The number one cryptocurrency is steadily following the bearish scenario that we have been talking about for the past week. The price failed to settle above $20,8K, thus canceling the bullish scenario. So, the asset keeps moving lower after breaking through the key support area of $20,5K-$21K. BTC/USD has once again touched the support at $19,5K and broke below the level to head for the $18,7K mark. As the coin was tumbling, more than 102,000 positions worth $356 million were canceled.
On the D1 chart, BTC made a downside breakout of the key support at $19,5K and rapidly plunged to the area of $18,5K-$18,7K. On September 6, the cryptocurrency formed the bearish engulfing pattern. This pattern clearly signals the end of consolidation and the victory of sellers. The current support zone at $18,5K-$18,7K serves as the last threshold for buyers where they can prevent the retest of the local low. If bearish bias strengthens, BTC is likely to initiate another decline towards $17,7K and hit a new low.
Bitcoin's daily chart show signs of bulls gaining momentum. Thus, the RSI has closely approached the oversold zone but hesitates to leave it, which may indicate the start of the flat movement. It may also mean that the bearish pressure is easing and the volume of long positions is rising. The Stochastic Oscillator is struggling to leave the oversold zone. The metric shows another formation of the bullish crossover. Yet, given the overall state of the market, the bullish momentum is unlikely to be activated. Despite some positive signs on the daily chart, Bitcoin will most likely slide further.

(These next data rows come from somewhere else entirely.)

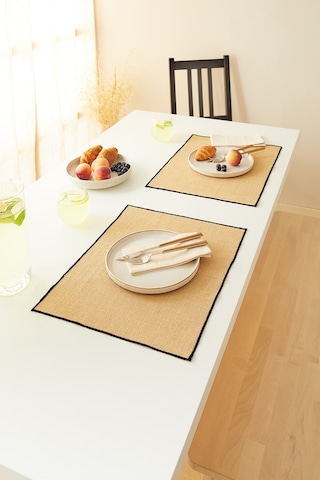 Home Wave 2'li Siyah Dikiş Detaylı Jüt Amerikan Servis 45 X 35 Cm Bej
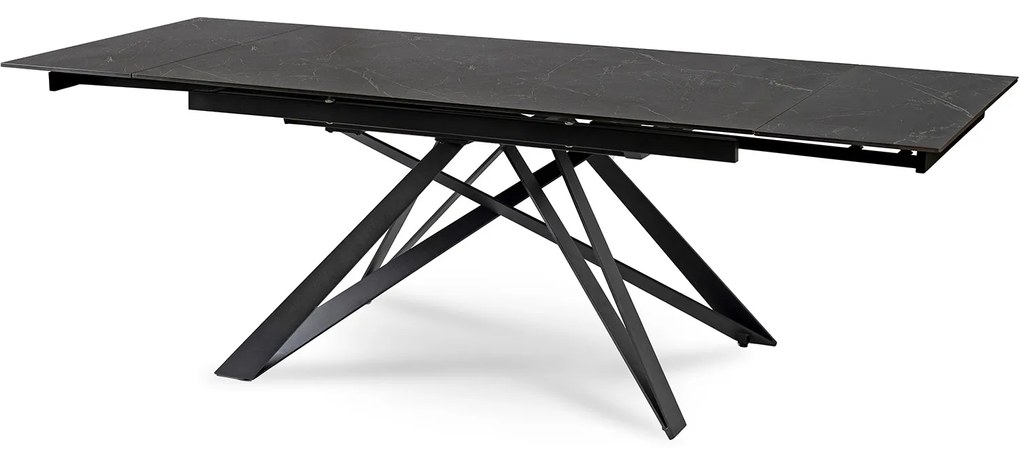 Stół Rozkładany Prostokątny MAXIME 160-240 cm Ceramiczny Czarny Marmur do Jadalni Nowoczesny Loft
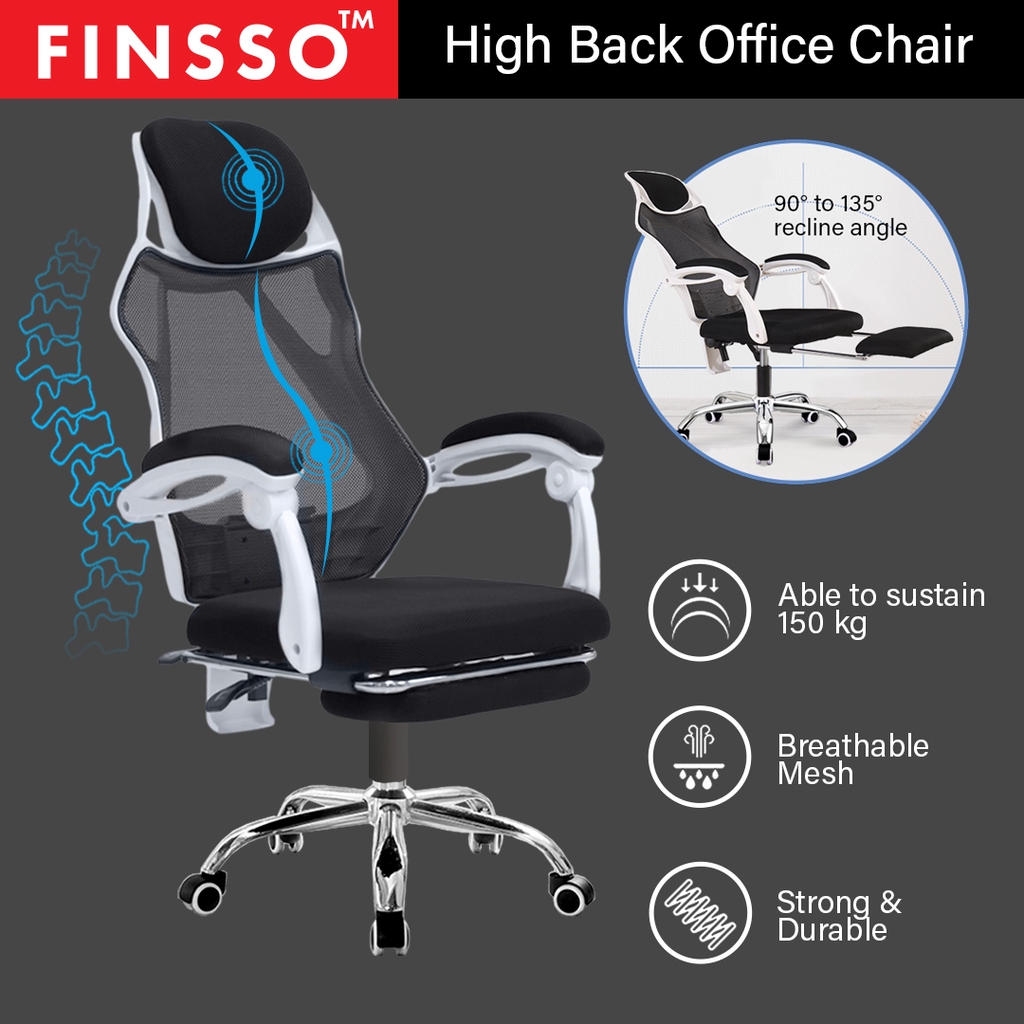 [READY STOCK] FINSSO: Mesh High Back Reclining Lock Office Chair With Hidden Leg Rest - Kerusi Pejabat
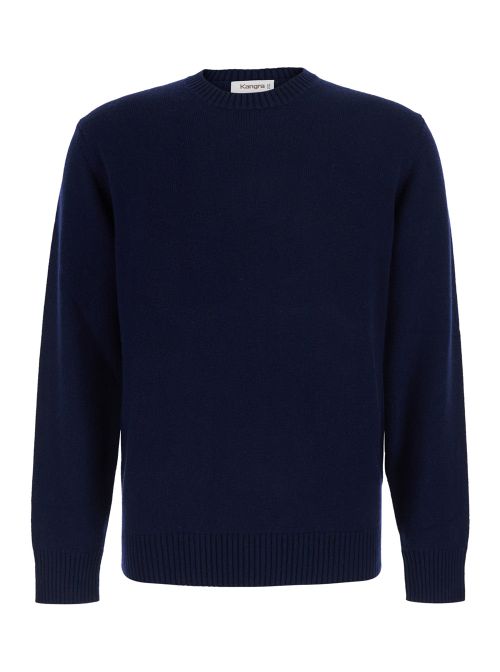 Wool-Cashmere Blend Sweater — Navy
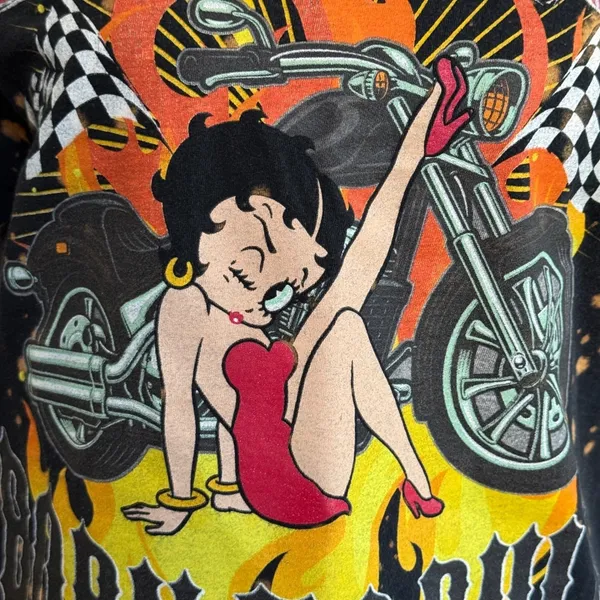 Betty Boop Biker Graphic‎ Crop Top Bleach Splatter Black Medium Grunge Pin-up - Image 8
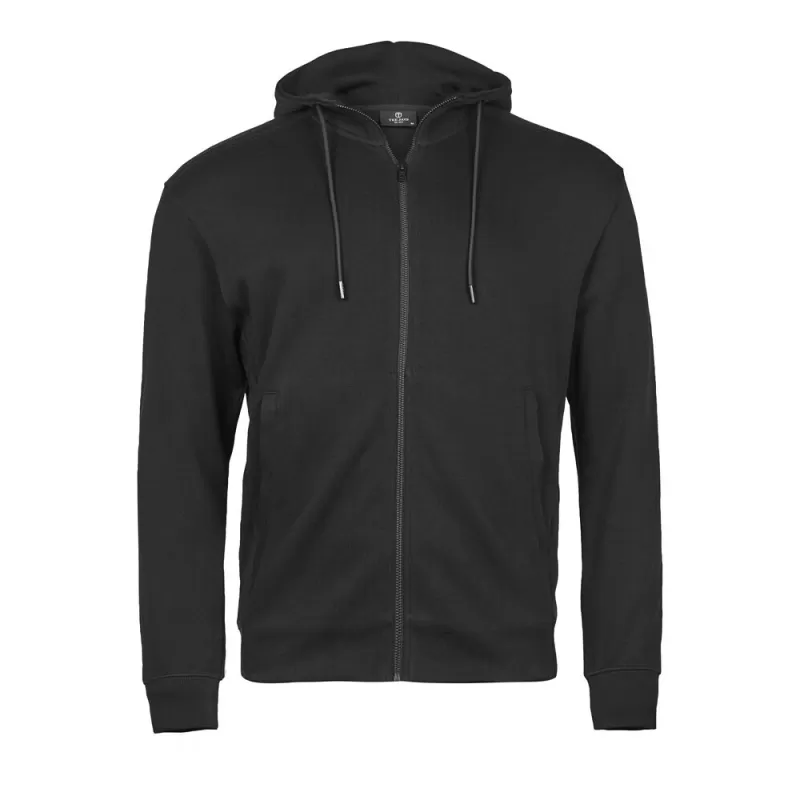 Sweat zippé à capuche doublée et cordon en coton ringspun, 2 poches, 365 g/m²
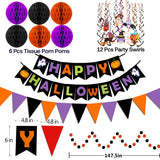 Halloween Party Decoration Set – Black, Orange & Purple Paper Banner Kit with Honeycomb Balls, Swirls & Garland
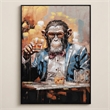 Pemberly Row Chimpanzee Canvas Wall Art Black Wood Frame 28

Short-term investors may act as the main catalyst for pushing the price of Bitcoin to $17,7K. According to Glassnode data, many short-term investors bought the asset when it was consolidating near $20K. After a drop below $20K and then below $19K, the number of losing trades on BTC has considerably increased by 13%. 60% of losing trades have been opened by short-term investors. There is a high risk that speculators will get rid off BTC and reduce its trading volume, thus triggering a fall to the local low and beyond.
Another factor proving the future negative scenario is the strong correlation of Bitcoin with the S&P 500 index and the US dollar. As we can see, both BTC and S&P are steadily heading for the bottom. In the meantime, DXY continues its rally supported by Fed's monetary policy. This confirms the fundamental character of the downtrend in Bitcoin. Therefore, the cryptocurrency may soon retest the local low.